幕末異聞―弐―
「では、私はこれで失礼します。くれぐれも無茶はなされないように」
「あはは!どうやら私は相当信用されてないようですね」
肝に銘じておきます。と言って笑ったのは胡坐をかいて紺色の羽織を肩に引っ掛けた沖田。
池田屋事変から一ヶ月、ようやく土方に隊務に戻る事を許された沖田は至極上機嫌だった。
「休養中、ずっと隊を永倉さんと斎藤さんに任せていましたから、今度お団子でも奢って差し上げないと」
肩より少し長くなった黒髪を掻き上げて楽しそうに笑う沖田からは、とても病に侵されているとは思えない覇気が漲っていた。
おそらく、これから長期に渡って戦に出向くであろう沖田の最終的な診察を終えた松本は、持ってきた行李から小袋を取り出した。
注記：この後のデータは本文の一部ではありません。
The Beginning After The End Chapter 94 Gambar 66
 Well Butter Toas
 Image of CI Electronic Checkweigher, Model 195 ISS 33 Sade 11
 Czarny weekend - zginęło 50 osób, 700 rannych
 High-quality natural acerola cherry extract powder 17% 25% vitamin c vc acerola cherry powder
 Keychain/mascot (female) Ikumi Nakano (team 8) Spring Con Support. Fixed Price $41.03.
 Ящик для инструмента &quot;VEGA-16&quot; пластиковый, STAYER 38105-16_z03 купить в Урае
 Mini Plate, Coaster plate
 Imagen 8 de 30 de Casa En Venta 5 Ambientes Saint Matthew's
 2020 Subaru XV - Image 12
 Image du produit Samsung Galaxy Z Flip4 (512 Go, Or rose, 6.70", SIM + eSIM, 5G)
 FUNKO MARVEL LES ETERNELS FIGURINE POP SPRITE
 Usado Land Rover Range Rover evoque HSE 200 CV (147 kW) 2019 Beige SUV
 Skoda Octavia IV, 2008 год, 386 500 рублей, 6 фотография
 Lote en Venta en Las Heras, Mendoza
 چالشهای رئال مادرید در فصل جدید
「残念ながら、戦に出てしまえば、私は駆け付けることは出来ません。気休めにしかならないかもしれませんが、解熱と咳止めの薬です。持って行って下さい」
手に持った小袋を沖田の前に差出し、松本は複雑な笑顔を見せる。
「あっはははは!何故そんな顔するんですか?
やめてくださいよらしくないな〜!それよりこの薬、おいくらですか?」
「いやいやいいんですよ沖田さん!」
「?」
引き出しから銭袋を出そうとする沖田を慌てて制止する松本に沖田は目を丸くした。
「それは差し上げます。
その変わり、帰ってきてください。貴方はまだ私の患者なんですから」
松本は沖田の手を両手でしっかりと握った。
「ふふ。わかりました。
必ず帰ってきます」
松本の手の上から沖田の大きな左手が重なった。